When there is a negotiated end to an internal conflict, as is happening in Colombia–a country that has witnessed hundreds of massacres, millions of enforced displacements, systematic land seizures, and tens of thousands of disappearances– it should be understood that peace does not just mean an agreement between the government and the insurgents, but also respect for the people, whose rights are at stake. The protection of rights, secured through years of struggle is a crucial piece of everyone’s heritage, must remain at the epicentre of any agreement.

Auto-amnesties

Finally, there are amnesty laws approved by transitional governments of a democratic or pseudo-democratic kind who pursue their political agenda by using amnesty as a tool to ‘smooth over’ the path of political transition. This case seems to share some of the features of the previous ones, with the exception that a government presiding over a political transition can or may try to disown its own active and violent involvement in the conflict. Once again, negotiated pardons and the formal setting-aside of offences can only be valid if they meet certain requirements, and accordingly, there can be no amnesty for international crimes. This was the framework within which the aforementioned laws Punto Final and Due Obedience were approved. Enacted by the Argentinian government of Raúl Alfonsín, neutralised verdicts were decreed against the military juntas and effectively revived the ‘auto-amnesty’ decree of 1983.

Another example of this model is the ‘auto-amnesty’ laws promulgated by former Peruvian President Alberto Fujimori to guarantee his own impunity. This was subsequently annulled by the Inte-American Court of Human Rights in relation to the Barrios Altos and La Cantuta cases. In 2001, the court rejected the validity of these kinds of pardon, as a result of which Fujimori was convicted and harshly sentenced for his intellectual participation in these two notorious Peruvian massacres.

Shaking off Spain’s collective amnesia 

After almost 40 years of Franco’s iron dictatorship, and in the midst of a succession of ‘terrorist’ actions and several attempted coups d’état, the politicians responsible for Spain’s transition to democracy–among whom were as many Francoists as democrats–gave way to the still-existing Francoist hold on power and approved an amnesty law in October 1977. This law targeted the victims of Francoism rather than the perpetrators of the crimes against humanity committed by the regime that remain unpunished despite several attempts to launch proceedings. Almost 80 years after the 1936 coup, total impunity persists. Consequently, the victims of Francoism are perpetually re-victimised. The more than 150,000 disappeared are still waiting for truth, justice and reparation.

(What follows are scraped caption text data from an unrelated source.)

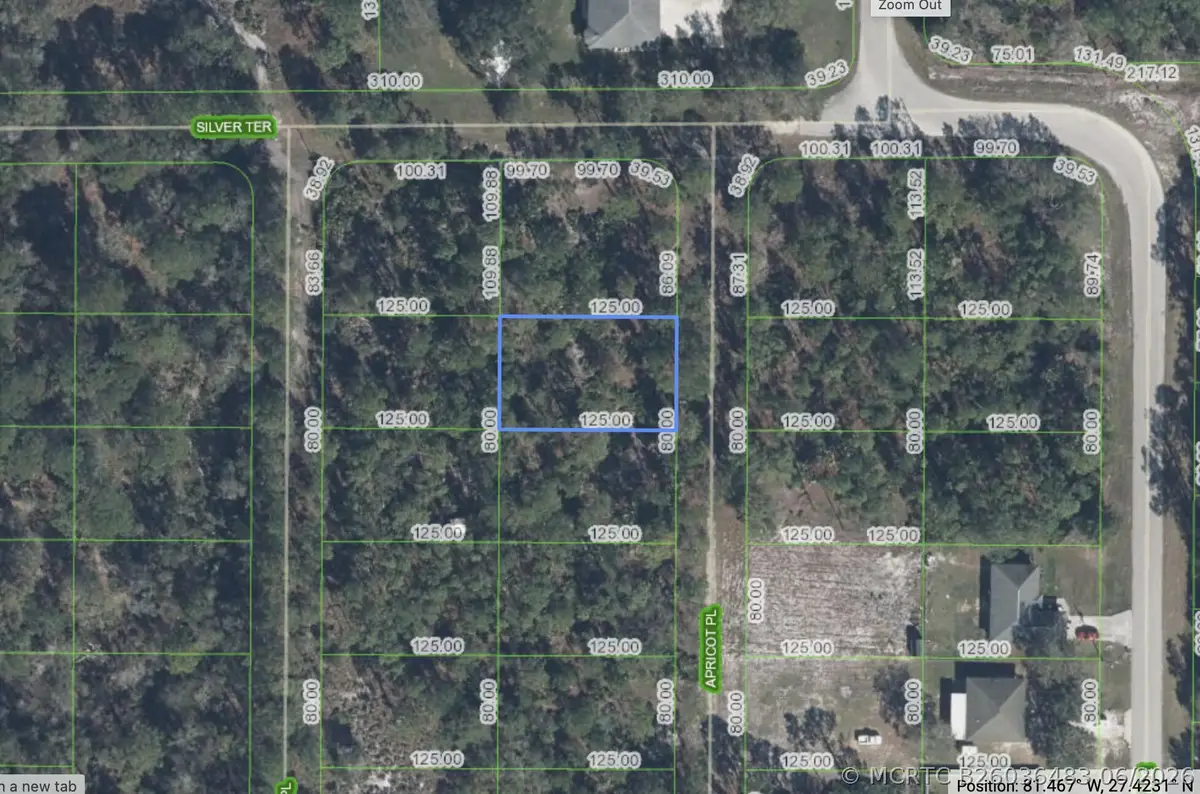 6503 E Apricot Place, Sebring, FL 33875 - #1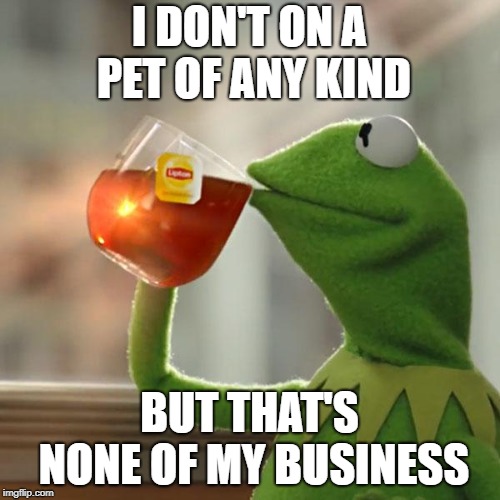 But That's None Of My Business Meme | I DON'T ON A PET OF ANY KIND BUT THAT'S NONE OF MY BUSINESS | image tagged in memes,but thats none of my business,kermit the frog | made w/ Imgflip meme maker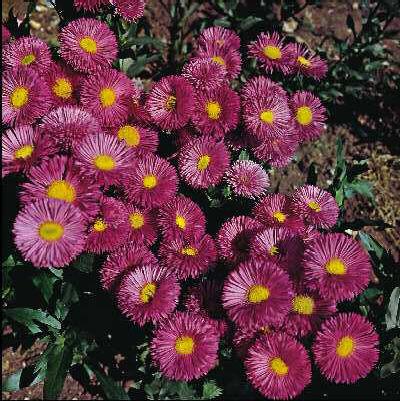 erigeron rotes meer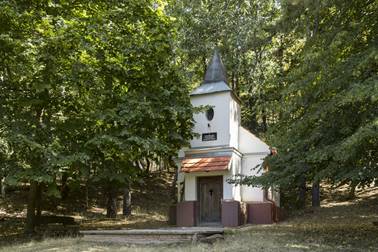 ...ragyogva v�rja az ide �rkez� v�ndort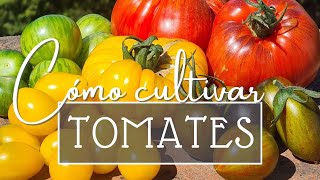 Cuidados del TOMATE 🍅 Todo lo que necesitas saber [upl. by Anselm448]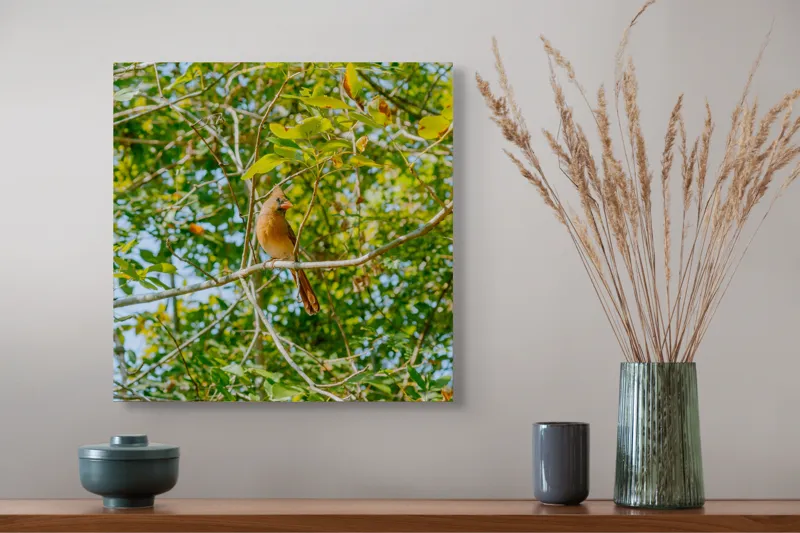 Tablou Canvas, "Pasăre cântătoare în frunzișul verde", Verde, Frunziș, Pasăre, Ramuri, Cer, Natură, Primăvară, 50 x 50 cm – poza 4
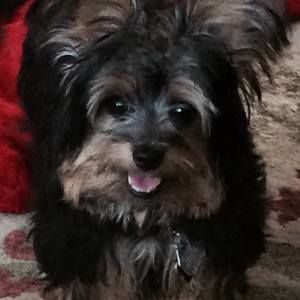 Meet your Posher, Apteka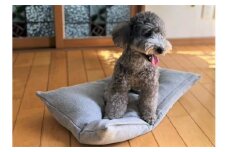【たっぷり!!リアルダウン使用】ペット用　羽毛クッションベッドセット　犬や猫が大好き!!　ペットベッド　H162-041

Despite the judicial effort that I spearheaded in 2008 to investigate the facts, and the decisions of the United Nations (the Committee on Enforced Disappearances, the Truth and Reconciliation Commission, the Working Group on Arbitrary Detention, and the Committee on Human Rights) in addition to pressure from the victims, the impunity is absolute and the helplessness total, and seemingly irreversible. No attempt is even being made to apply the 2007 Law of Historical Memory.

Spain’s transition and her amnesty law are a perfect example of this particular category of impunity. The country’s well-known transition from an authoritarian system to a fresh, new democracy suffered the consequences of its own success in that the institutions refuse to acknowledge any criticisms or reproaches. Economic recovery–the so-called “Spanish miracle”–and the country’s renewed openness both in domestic and international politics were achievements that other nations have tried to emulate. Nevertheless, the reality is far from perfect. One of Spain’s mistakes was to allow values to endure that were in force during the previous regime. The failure to break with that system means that we have retained a philosophy of corruption and corrupt practice, an absence of transparency in our political parties and state institutions and, naturally, a great well of impunity from which Spanish society has proved unable to escape.

The collective amnesia that characterises most of the population is beginning to be shaken by the condemnations and above all by the persistent legal claims that the victims are generating, together with engaged elements of Spanish society. All is not lost. Action via universal jurisdiction that has been so important in combatting the impunity of dictators and repressive governments in other countries remains available as a means of ensuring that criminals are held to account. The victims have appealed to the federal courts of Argentina, as a result of which a window opened in 2011, and will stay open so long as there is a judge with the law in hand, ready and willing to act decisively.

Once again, as happened at the end of the 1990s with a Spanish judge, the victims have begun a pilgrimage towards justice, this time in Argentina. Universal jurisdiction has opened a new door to the possibility that justice will rule in their favour. From time to time as jurist and judge, I find myself unable to don the cloak of insensitivity worn by those who use the law to repress those who are most in need of it. Under the pretext of safeguarding the integrity of the law, they create the unimaginable insecurity that is both a feature and the bedrock of impunity. Failure to do everything possible to provide reparation to the victims is to guarantee that these crimes are repeated.